Wednesday, January 25, 2012

Garden Orb Weaver Spider- Sydney, Australia

Photograph of a Garden Orb Weaver Spider taken in Sydney, Australia
Garden Orb-weaver Spider (Eriophora transmarina) - Sydney, Australia

I took the macro lens out over the weekend hoping to photograph some spiders in the garden. I found a number of Garden Orb Weavers in the shrubs along the driveway and spent some time photographing them. The fact that they spend a lot of time under their webs made the whole task a lot harder.

More photographs inside.

Photograph of a Garden Orb Weaver Spider taken in Sydney, Australia
 Garden Orb-weaver Spider (Eriophora transmarina) - Sydney, Australia

Garden Orb-weavers are common, non venomous spiders found in Australia. They are usually brightly coloured and vary in terms of size, shape and colour within Australia. They are nocturnal feeders and weave their webs in the evenings. One of the spiders I saw over the weekend was actually in the process of weaving its web. It was interesting to actually see how the spider set about creating such an intricate web.

Photograph of a Garden Orb Weaver Spider taken in Sydney, Australia
Garden Orb-weaver Spider (Eriophora transmarina) - Sydney, Australia

I had been trying to figure out how spiders actually sets about creating a web across a void when I came found an article which actually described the process. Apparently the spiders use air/wind to spread the initial line across a void. The spider is said to move to a vantage point and raise its abdomen and release a steady stream of silk from it's spinnerets. The wind will then pick up the silk and carry it until it snags on a solid object. Once the initial strand is firmly snagged, the spider will move out along it to build the web.

Photograph of a Garden Orb Weaver Spider taken in Sydney, Australia
Garden Orb-weaver Spider (Eriophora transmarina) - Sydney, Australia

Interestingly the Orb-Weavers build a web every night and then remove it at dawn, unlike some other spiders who stay in the web day and night. Apparently the reason for this behaviour is predator avoidance. Although the "orb" section of the web disappears, some of the support lines will be left in place. During the day the spiders "hide" near a location where these support lines meet a solid object.

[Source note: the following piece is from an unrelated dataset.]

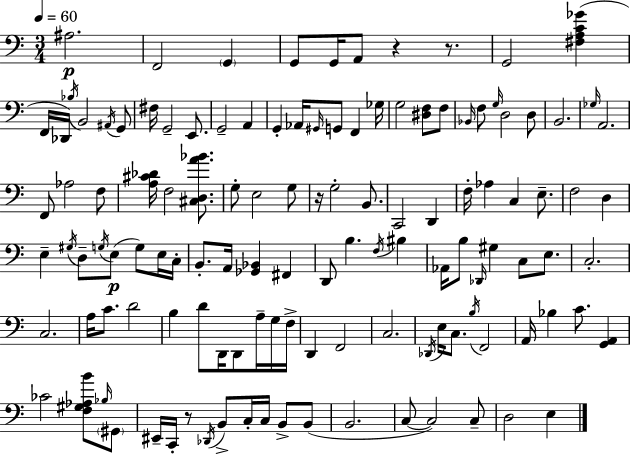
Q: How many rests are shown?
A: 4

Photograph of a Garden Orb Weaver Spider taken in Sydney, Australia
Garden Orb-weaver Spider (Eriophora transmarina) - Sydney, Australia

These photographs were taken with the Canon 7D and the 100mm macro lens. The lighting was again from a Canon 430EX II fired at 1/8th from high (relatively) camera left. Like with the photograph of the Weaver Ants the strobe was handheld. It's not the easiest thing to do when you are trying to lock focus using a macro lens!